El 4 de marzo de 1987, aniversario del
PNR, el PRI realizó su XIII Asamblea. En su discurso de clausura, Jorge de la Vega
lanzó un dardo a la Corriente Democrática, “los caballos de Troya” que exigían
la democratización del proceso de selección del candidato presidencial:
—Quienes creen que la democracia exige restar facultades al presidente —dijo,
serio —ignoran que él es el instrumento de nuestra voluntad colectiva. Y no se
dijo más…
Decía Alejandro Rossi que la política
mexicana es “el teatro más rápido del mundo”. La sugerencia del cofundador de
Vuelta no aplica para el PRI. En los pasillos de Insurgentes norte el tiempo se
ha ralentizado. Han pasado 30 años y una decena de asambleas desde aquella de
la bronca y el debate sigue siendo el mismo, la definición de los límites de la
autoridad del presidente sobre las cosas del partido. Un ruido que Enrique Peña
Nieto no escucha. El presidente, autoproclamado “instrumento de la voluntad
colectiva del partido”, designará al candidato a sucederle en 2018. La fiesta
del peñismo, empero, será breve —brevísima, gracias a Emilio Lozoya—: el primer príísta del país podrá
imponer su presidencial falange, pero el débil tlatoani, sin mucho pan y sin
mucho palo para repartir, no podrá imponer su disciplina a unas bases que se
mueven hacia lo carmín.
En la desesperación por asegurar la
supervivencia de su grupo político, el PRI de Peña Nieto ha dejado pasar la
oportunidad de cambiar de veras, de evolucionar a su cuarta edad. Los tomadores
de decisiones del tricolor, cortoplacistas, electoreros, miran el dedo de su
gran elector y no la Luna que señalaron sus grandes estrategas. Ignoran a
Manuel Camacho Solís, quien visionó un partido moderno, adaptado a la
competencia y a la normativa democrática; uno que pudiera ser hegemónico
incluso compitiendo en igualdad de condiciones con las otras fuerzas y en el
marco de elecciones limpias y apegadas a derecho. Ignoran a Jesús Reyes
Heroles, quien patentó el axioma “Cambiar (el partido) para conservar (el
poder)”.
De la última reunión del priísmo surgió una reforma estatutaria
que aunque democrática en sí, obedece a propósitos demagógicos. La modificación del Artículo
181 de los estatutos del PRI no busca rejuvenecer al partido —¡ay, el nuevo PRI peñista en el que Lozoya brillaba
en primera fila! —ni hacerlo más incluyente
abriéndose a “candidatos simpatizantes externos” sino ampliar la cobertura del
dedazo más allá de los límites de la membrecía. La idea fue introducida por
José Ramón Martel, quien fuera coordinador de asesores de José Antonio Meade
durante su etapa en SEDESOL.
La reforma estatutaria, en efecto,
despeja el camino para la postulación de Meade, el más panista de los priístas
o el más priísta de los panistas, según en qué administración se le mire. El “simpatizante
externo” Meade sería el candidato consensuado entre PRI y PAN. Dicen sus
admiradores que el (casi) destapado es el facsímil mexicano de Emmanuel Macron,
lo cual no necesariamente sería un cumplido. El presidente francés llegó al
Elíseo arrastrando las quitas de un abstencionismo (25%) y una votación nula
(11%) de récord y defendiendo una reforma laboral más dura que la de su antecesor
y un programa económico neoliberal basado en los recortes presupuestales. O sea, más de lo mismo…

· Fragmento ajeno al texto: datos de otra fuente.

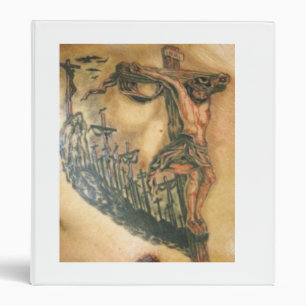 Optical Illusions Binder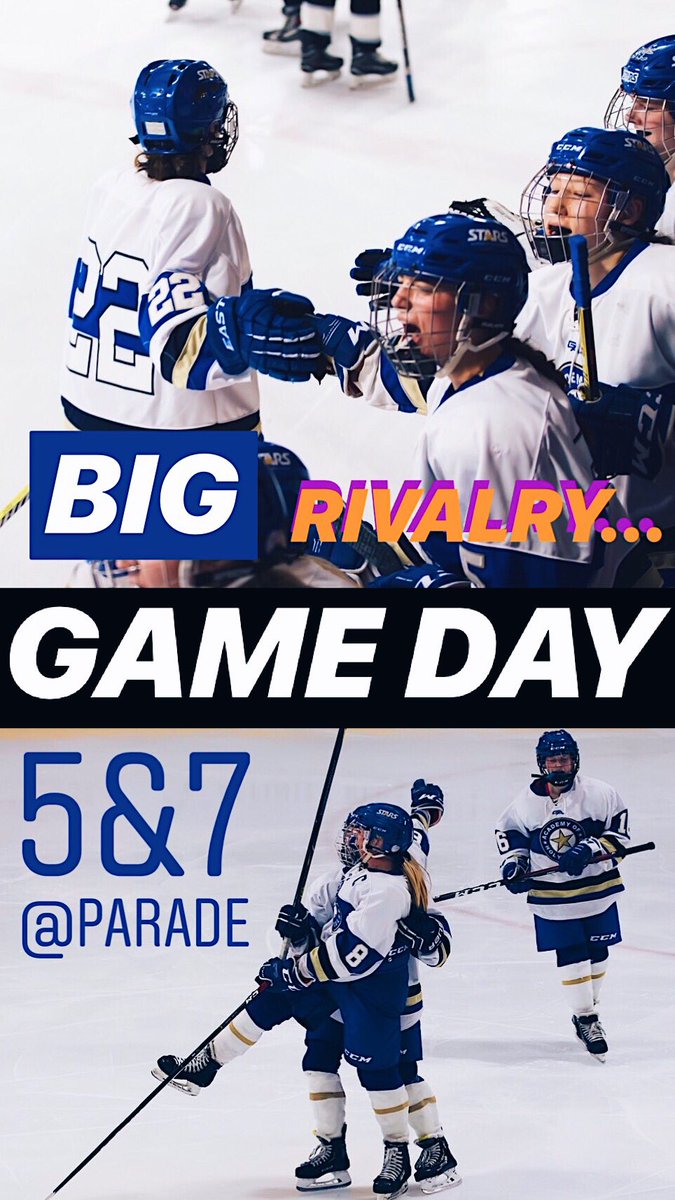 AHA GIRLS HOCKEY tweet media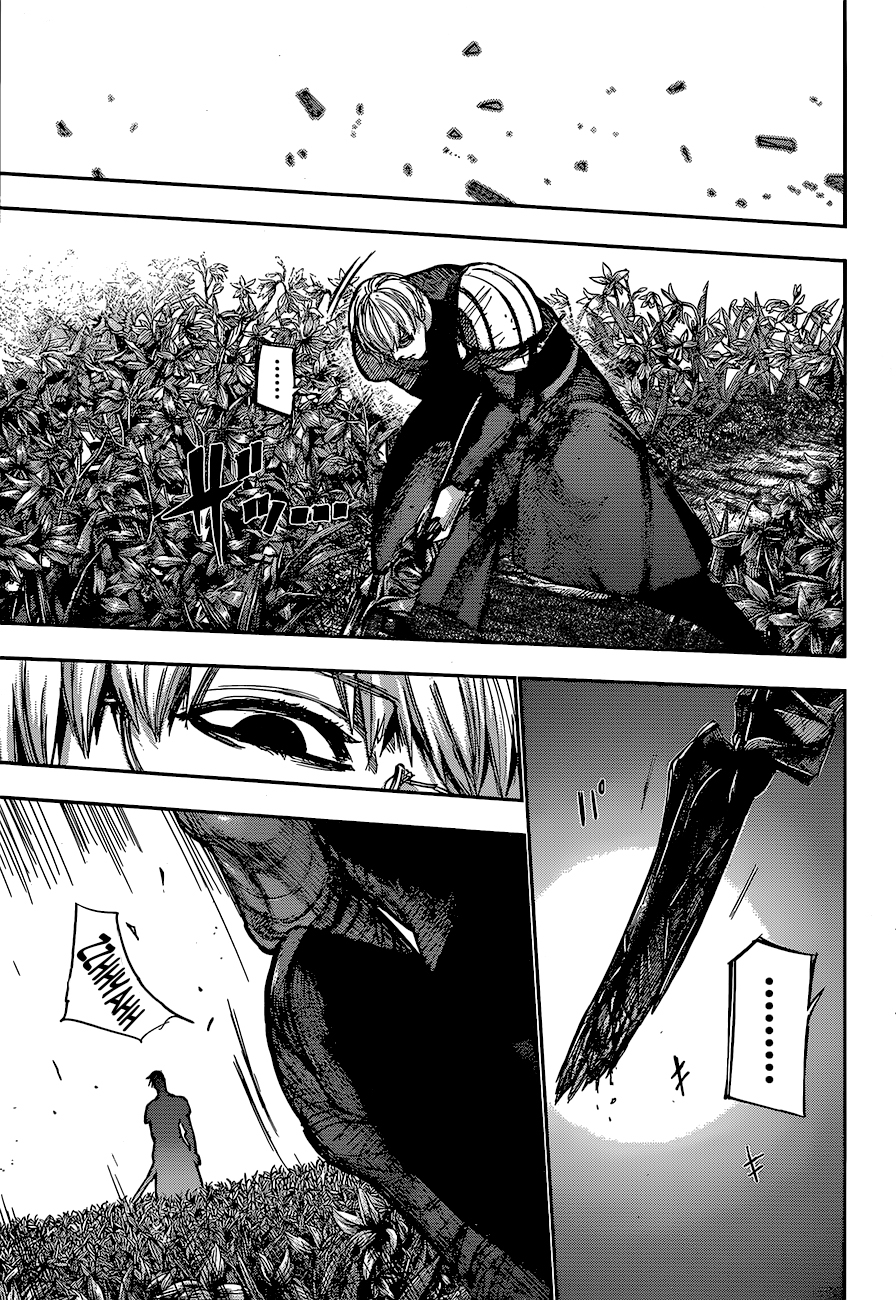 Read Tokyo Ghoul Re ES Manga Online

El propósito del PNR era el de hacer de
parlamento en el que se reglamentara el acceso y el reparto del poder entre las
fuerzas populares triunfadoras de la guerra civil. En 1987 se suspendió el debate
y aquello rompió bruscamente.
Al suspender nuevamente el debate sobre
su democratización, el PRI de Enrique Peña Nieto ignora su propia historia.